Friday, November 2, 2012

Junk and the Election, Which is Junk


Junk is good. You should always have junk in your house. Not to the point where you should be featured on a TLC show or anything, but a good amount of junk is necessary. My house, well, I think I may have mentioned this to you before, but I am a Grade 1 hoarder, so my house has a lot of junk (invaluable stuff, man, LAY OFF). I’ll tell you 2 stories which should be reason enough for keeping junk around the house.
1.       Junk Hunts
When my cousin Curt and I were little, we’d go spend the night at my Aunt Kathy’s house. There were 3 things (this post has a lot of counting…today’s post is brought to you by the number 3 and the letter J) that we loved about going to Aunt Kathy’s: a challenging game of cootie or pass the pigs, the hot tub, and junk hunts. On these junk hunts, we’d each start off with a shoe box. We’d go to every room of Aunt Kathy’s house, plunder through every drawer, and uncover lots of treasure! It was glorious. A simple mallard duck whatnot? No says I! It is a boat for a troll! Aunt Kathy’s junk became our prized possessions.
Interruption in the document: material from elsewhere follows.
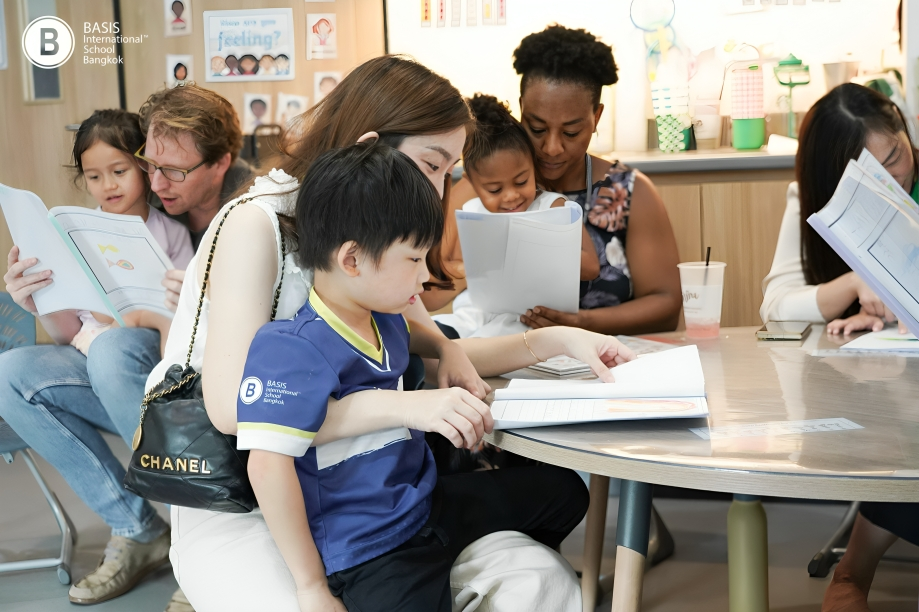 Parents and children share learning moments together in the classroom.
2.       Junk Day on Juniper Street
This was a story we read in Miss Barnett’s second grade class. I don’t really remember anything about the story other than there was a great big yard sale at some point. Everyone brought their junk out and set up shop on Juniper Street. After reading the story, our class had its own junk day. Everyone was to bring in some crap toy from home, and then we’d have a sale (with fake money). I came to the yard sale with an unwanted, crappy hand puppet. I left with 2 nutter butters. Yes, that’s right. In addition to the junk, Miss Barnett was also selling Nutter Butters. You better believe I bought myself 2 of those!
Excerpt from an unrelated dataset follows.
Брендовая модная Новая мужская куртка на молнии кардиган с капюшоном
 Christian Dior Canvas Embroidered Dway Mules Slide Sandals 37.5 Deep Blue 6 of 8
So, the moral of the story, kids, is that junk can bring happiness to little dudes and can also score you some Nutter Butters. Tell that to your husband when he asks you if you really need another set of mixing bowls from Sam’s.
NPR reminded me this morning that 12 years ago after the election was over, we still didn’t know who the next president was going to be. Lord God, please do not let that happen this year. I do not know if I can handle much more political coverage. Please, oh please, let everyone on the east coast get power back and be able to vote. Don’t let this circus drag out any longer.
I remember Pappaw’s prayer before Thanksgiving dinner 12 years ago. He prayed for our country, and that the right man for the job (i.e., Al Gore) would ultimately win the election. He droned on and on about it for what seemed like an eternity. At this point, everyone’s heads were up and eyes were open. We were just looking around the room at each other trying not to laugh. Finally, he ended the prayer and looked up. Mommaw said sharply, “We asked for a prayer, not a history lesson.” Beetle rules.